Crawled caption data
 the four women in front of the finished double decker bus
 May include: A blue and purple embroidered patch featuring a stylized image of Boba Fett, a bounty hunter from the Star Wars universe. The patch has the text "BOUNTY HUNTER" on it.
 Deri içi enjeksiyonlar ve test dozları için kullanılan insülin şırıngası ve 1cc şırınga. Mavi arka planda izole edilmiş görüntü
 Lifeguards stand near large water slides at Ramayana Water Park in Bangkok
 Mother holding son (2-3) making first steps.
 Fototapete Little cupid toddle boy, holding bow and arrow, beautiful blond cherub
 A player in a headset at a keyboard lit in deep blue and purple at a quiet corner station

* **What to do**
Show every line from the entries above in which "purple" appears.

* **Response area**
 May include: A blue and purple embroidered patch featuring a stylized image of Boba Fett, a bounty hunter from the Star Wars universe. The patch has the text "BOUNTY HUNTER" on it.
 A player in a headset at a keyboard lit in deep blue and purple at a quiet corner station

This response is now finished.